GUATEMALA CITY, GUATEMALA (FIREFIGHTERS) - The recent murder of two young girls has sent shockwaves through Guatemalaand triggered an outcry by human rights activists who say the Central American country needs to do more to protect its female citizens as authorities struggle to arrest a disturbing trend of murders of women across the violence-ravaged nation.
The bodies of two girls, aged six and 12, were found dumped on a street in Guatemala City on Wednesday (January 16) morning after reportedly being strangled, according to officials.News of the brutal murders came as authorities discovered the bodies of another two young women who were shot dead outside a school in the same neighbourhood. Police are trying to establish whether the killings are linked.
The murders of women have set off a media furore in the country with beleaguered citizens demanding perpetrators be brought to justice and authorities do more to lower the country's high murder rate.
At a news conference in the capital, Guatemalan President Otto Perez pledged greater action to stem the wave of killings across the country, saying authorities have run out of excuses for failing to tackle the problem.
"Incidents such as yesterday's have an impact across all of Guatemalan society. We are very sorry and we are obliged to put our best effort and give our best response so these incidents can stop. Part of this is to get those responsible for this and there is no impunity. Clearly, this obliges us this year to provide more and better results to Guatemalans. This year we will not have any excuses when we are finishing up the year and there is another report, there will be no excuse for not improving the rates of security for Guatemalans," said Perez.
In recent years, Guatemala has adopted a series of measures to address levels of violence against women. In 2008, officials passed a law formally punishing all forms of domestic violence and setting up a special unit to investigate femicides in the country.
Perez has also launched a national campaign to address attitudes towards violence against women.

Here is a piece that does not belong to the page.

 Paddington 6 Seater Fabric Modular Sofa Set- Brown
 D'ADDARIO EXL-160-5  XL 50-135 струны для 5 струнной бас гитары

But with the vast majority of cases of female homicides still unsolved in Guatemala, an official at the President Commission Against Femicide, Alba Trejo, said the country's justice system is powerless to enforce the law unless an effective investigation has taken place.
"There is 99% impunity in the incidents that occurred last year but I don't want to say that this it is the State, it is the Public Ministry. The Public Ministry is the entity, the motor for the application of justice. If there is no exhaustive and conclusive investigation, the justice system nor the police can do anything. We need to be very clear on this here, as a commission we monitor the Public Ministry showing 99% impunity. We can't do anything against this," said Trejo.
According to Amnesty International, despite tougher laws, more than one woman a day was killed in the Central American country of 14 million last year.
Amnesty International Director in Mexico, Daniel Zapico, welcomed recent commitments by Guatemala to end violence against women but said authorities must back their good intentions with actions.
"Last year, 560 women were killed in Guatemala without the president of the republic-- not the current president nor his predecessor-- going out onto the streets to say. 'We need to solve this, 'We need to generate new mechanisms. We need to put more resources into this.' So, they should not react just when there is a public scandal, rather they should react in the face of the drama that millions of people in Guatemala live through. And, in order to deal with this, commitments to the public are very useful and very good but they aren't sufficient. We need these public commitments to translate into actions, that police and the justice system in Guatemala realise adequate investigations and can bring those responsible to justice," he said.
Guatemala has been battling a worrying trend of violent crime for over a decade, with homicides peaking at 6,498 in 2009, giving the country one of the world's highest per capita murder rates, according to the United Nations.
With poverty affecting over half the population, encroaching Mexican drug cartels battling for territory in the tiny country and gangland crime rampant, Guatemala's women are often the caught in the middle of the country's wave of violence.